According to the Catholic exorcist and writer Francis MacNutt, places as well as things can be made spiritually unclean, corrupted by immoral use.  In his book Deliverance from Evil Spirits, he notes that ordinary items used in occult rituals seem to continue to hold a dark spiritual influence until the item is removed and destroyed.  Dabbling with an Ouija Board may seem harmless enough to some, but Francis MacNutt points out that this kind of experimentation may serve as a doorway into more dangerous occult practices.  He also draws attention to the powerful effect of the Eucharist or sacramentals such as holy water in the arena of exorcisms, which reveals the power of God transmitted through places, people, and blessed things.  It is interesting that most Evangelical Protestants would likely agree that things and places can be cursed, made spiritually unclean, but they are uncomfortable at the prospect of calling a place holy or sacred.  

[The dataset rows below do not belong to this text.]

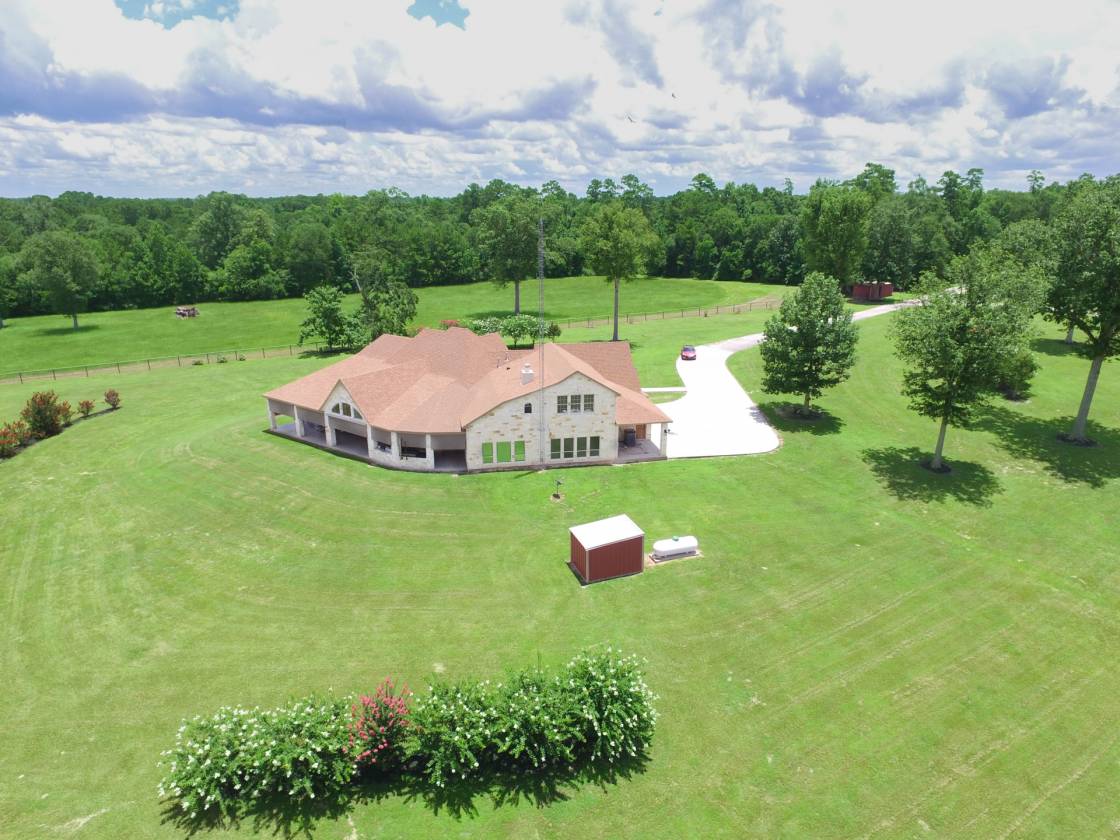 Stunning Home and Equestrian facility - photo 7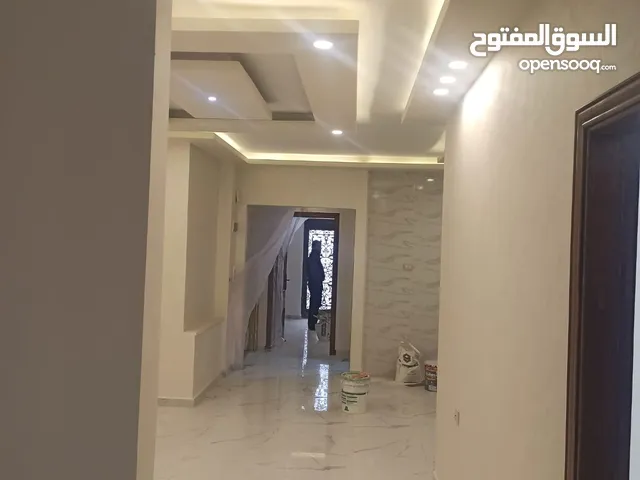350 m2 4 Bedrooms Apartments for Sale in Zarqa Al Zarqa Al Jadeedeh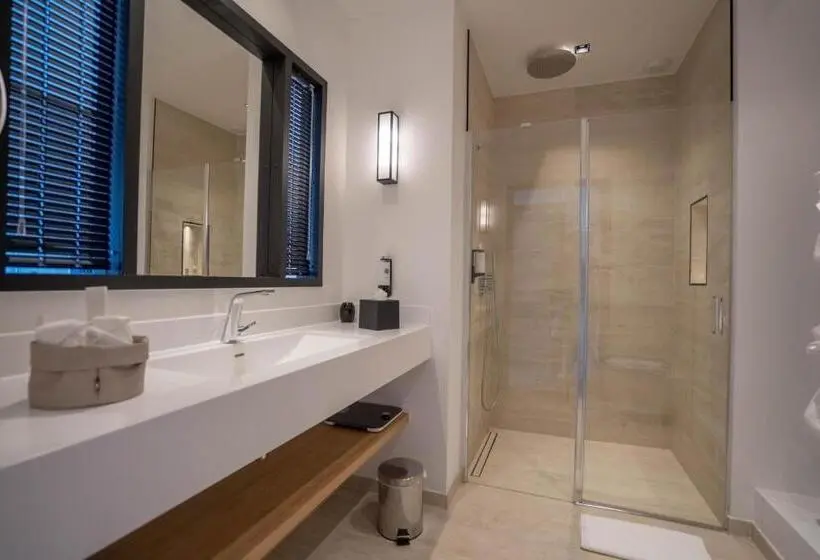 Standard Room, Eden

Having first examined what sacred is not, how do we edge closer to a fuller understanding of what it is?  A good place to begin might be the Compact Edition of the Oxford English Dictionary, which defines the word sacred as “set apart or dedicated to some religious purpose, and hence entitled to veneration or religious respect; made holy by association with a god or some other object of worship; consecrated, hallowed.” This doesn’t mean that only cathedrals or churches are sacred places.  As Saint Bernadette taught us with her life of simple devotion, it can just as easily be a “niche in the rock”.  It is a place which has come into association or intimate contact with the heavenly realm.  That’s why going to church is almost like seeing a glimpse of heaven—especially for Catholics who have the fullness of Christ found in the holy Eucharist.  That’s not to say that Christ is not with us in our daily lives and struggles outside of the church, but “where two or three are gathered in my name, there I am in the midst of them.”  (Matthew 18:20)  Is it correct to say that Christ is more profoundly present in our church than elsewhere in our lives?  I think that Scripture leads us to no other conclusion.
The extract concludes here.